Print the records below word for word, but leave out the pictures.

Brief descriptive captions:
=== Section Start ===
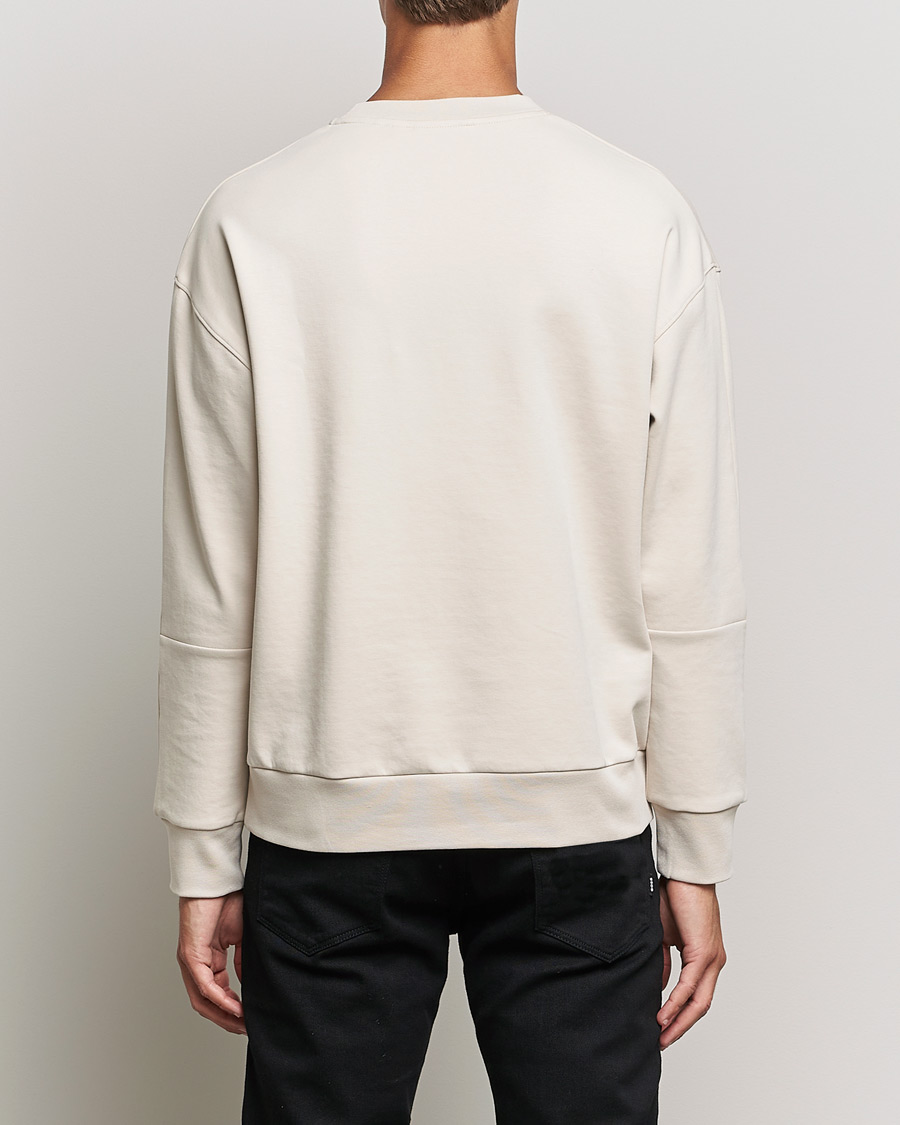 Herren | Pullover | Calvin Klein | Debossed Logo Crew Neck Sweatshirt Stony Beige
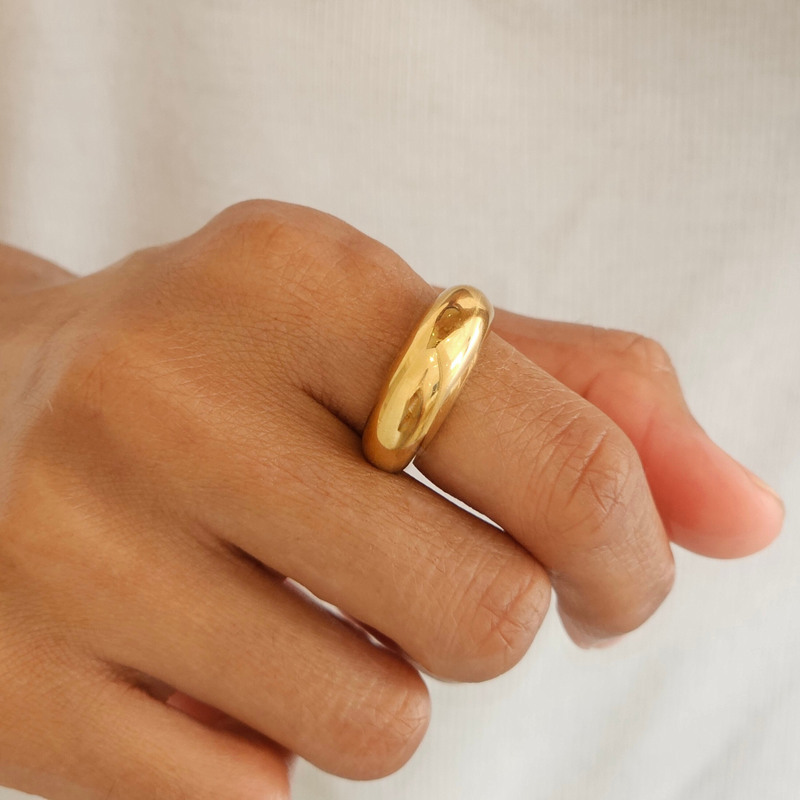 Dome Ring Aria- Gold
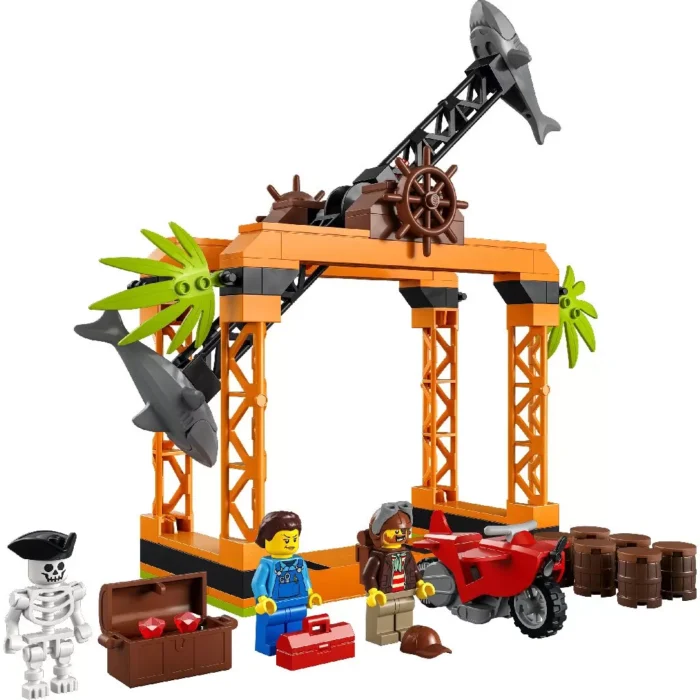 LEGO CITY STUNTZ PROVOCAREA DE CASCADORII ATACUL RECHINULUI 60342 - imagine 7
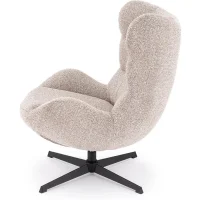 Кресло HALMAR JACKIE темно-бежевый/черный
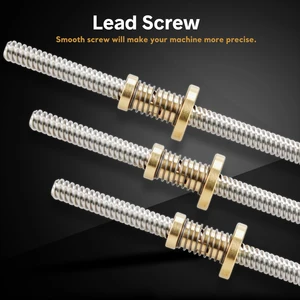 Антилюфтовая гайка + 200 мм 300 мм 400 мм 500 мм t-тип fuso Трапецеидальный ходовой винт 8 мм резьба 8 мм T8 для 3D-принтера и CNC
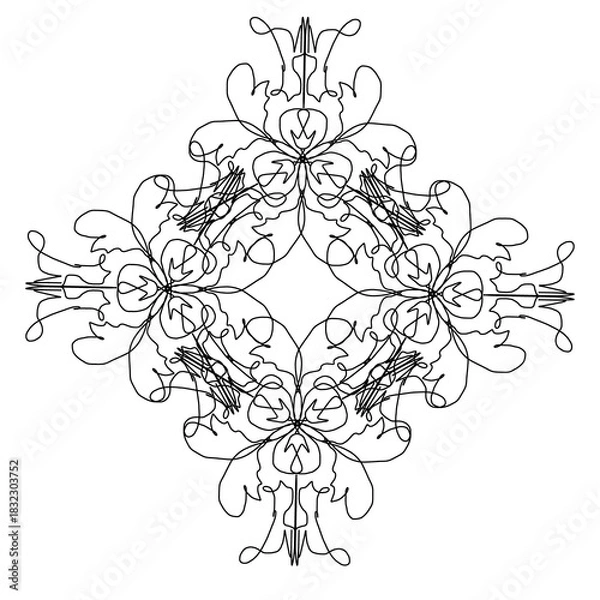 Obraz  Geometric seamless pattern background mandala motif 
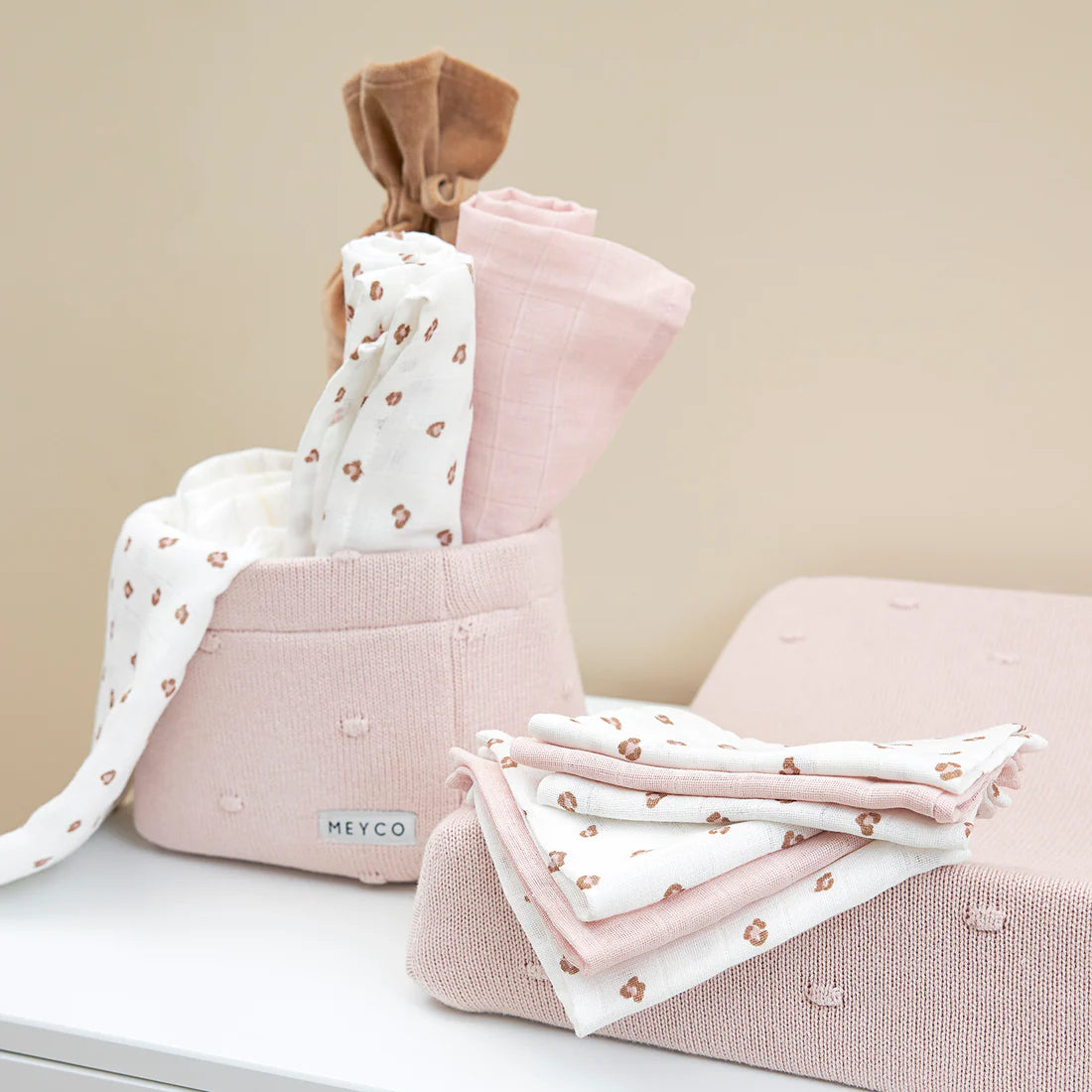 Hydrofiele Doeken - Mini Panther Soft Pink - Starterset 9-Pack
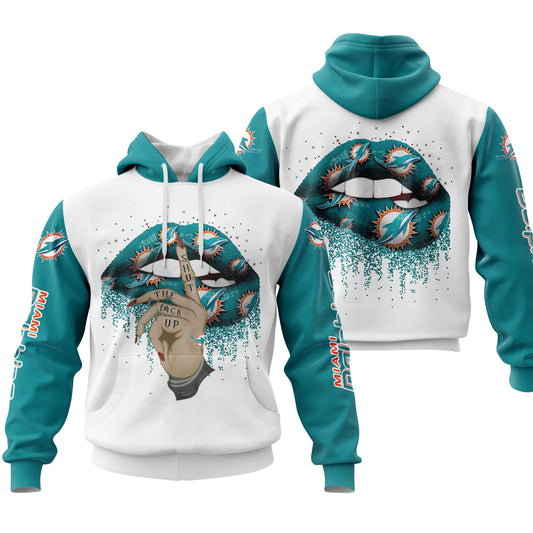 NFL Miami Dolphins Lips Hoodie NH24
=== Section End ===
> **Answer space**
 Herren | Pullover | Calvin Klein | Debossed Logo Crew Neck Sweatshirt Stony Beige
 Dome Ring Aria- Gold
 LEGO CITY STUNTZ PROVOCAREA DE CASCADORII ATACUL RECHINULUI 60342 - imagine 7
 Кресло HALMAR JACKIE темно-бежевый/черный
 Антилюфтовая гайка + 200 мм 300 мм 400 мм 500 мм t-тип fuso Трапецеидальный ходовой винт 8 мм резьба 8 мм T8 для 3D-принтера и CNC
 Obraz  Geometric seamless pattern background mandala motif 
 Hydrofiele Doeken - Mini Panther Soft Pink - Starterset 9-Pack
 NFL Miami Dolphins Lips Hoodie NH24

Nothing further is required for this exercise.